The European region has been a leader in developing and implementing policies that drive dramatic changes in business and society, with a goal to improve overall sustainability. Beginning with the European Green Deal, approved in 2020, a set of policy initiatives were put in place. More recently, policy changes are being considered as part of the European Union’s Packaging and Packaging Waste Regulation, an initiative to ensure all packaging is reusable or recyclable in an economically feasible way by 2030.
Our industry’s challenge is that we do not yet have harmonization on packaging requirements, especially across countries in Europe and in the U.K. Without a common set of design guidelines, we need to develop packaging materials to comply with different standards while keeping product protection at the forefront of what we do.
SEE is innovating to meet regulatory requirements while also looking to improve our customers’ sustainability. We are guided by three key focus areas:
1. Product protection. Whether protection against damage, or prevention of food waste—our packaging reduces overall carbon footprint impacts.
2. Designing for recycling. By simplifying our packaging designs, we are also making our solutions easier to recycle.
3. Circularity. Working with customers and suppliers, we are driving innovation in recovering and recycling materials, with an emphasis on chemical recycling.

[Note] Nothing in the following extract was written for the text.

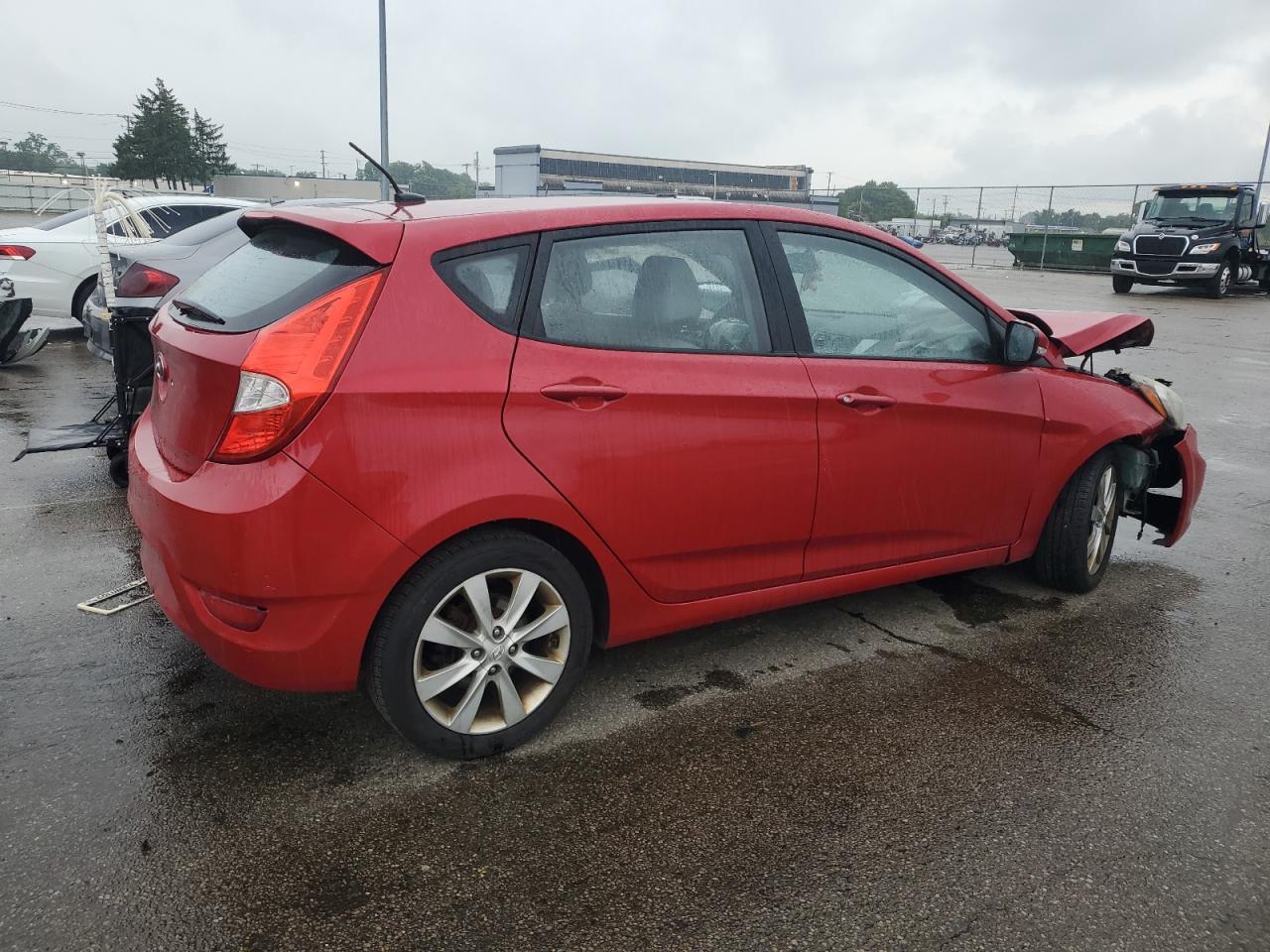 2013 Hyundai Accent Se - Фото 3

How is SEE meeting the sustainability needs of EMEA customers?
We lead our industry with solutions that provide outstanding product protection, use minimum amounts of packaging, and enable our customers to bring automation and digital innovations into their operations. A good example is our CRYOVAC® brand barrier display overwrap film with post-consumer recycled content. These ultra-thin films are used to overwrap oxygen-sensitive foods like cheese and processed meats. The solution uses the thinnest film on the market (which reduces the overall amount of plastic), offers an optimized oxygen barrier to extend shelf life while meeting recycling requirements, and incorporates 30% recycle content that is compliant for food applications.
We are also innovating our shrink barrier bag offerings. These novel food packaging solutions provide product protection and sustainability and are helping to make the switch from heavy thermoform packs to lightweight shrink vacuum bags.
In addition, we are helping our customers measure and report improvements in their environmental impact through a reduction in greenhouse gas emissions. By being able to quantify benefits of the packaging and the savings from waste reduction, we provide our customers with confidence that their sustainability efforts are making a difference.
How is your team working to address circularity in the region?
Together with a cheese processor, leading retailer, chemical recycler, and polymer manufacturer, in 2020, SEE’s EMEA team led the industry in sustainability by conducting a trial to prove that closed-loop recycling is feasible for complex soft plastic film. Since then, we have expanded efforts and engaged with other customers and partners to scale efforts for collection, recycling, and reuse of materials—with an emphasis on expanding the type of packaging materials that are collected. We have a vision for circularity that combines the material efficiency of flexible packaging with the innovation of chemical recycling to make packaging that can be remade.
How is SEE collaborating in EMEA to help customers achieve the most sustainable impact?
In many ways, carbon footprint and greenhouse gas emissions are the currency of sustainability. We use life-cycle assessments that include both packaging and the packed product and work with our customers to minimize overall impacts. Through product design, we achieve outstanding packaging performance.
But just as we focus on design for performance, we are focusing on design for circularity—by anticipating future regulatory requirements and working to implement design standards to make sustainability easier to understand for customers and consumers.
The key is “design for performance” and “design for circularity” have to be done together. We work with association partners to emphasize how we must simultaneously protect the packaged product while designing our packaging solutions to be collected, sorted, and recycled. Keeping these design elements in balance is critical to prevent food waste while making sure the packaging has a means to be recovered after use.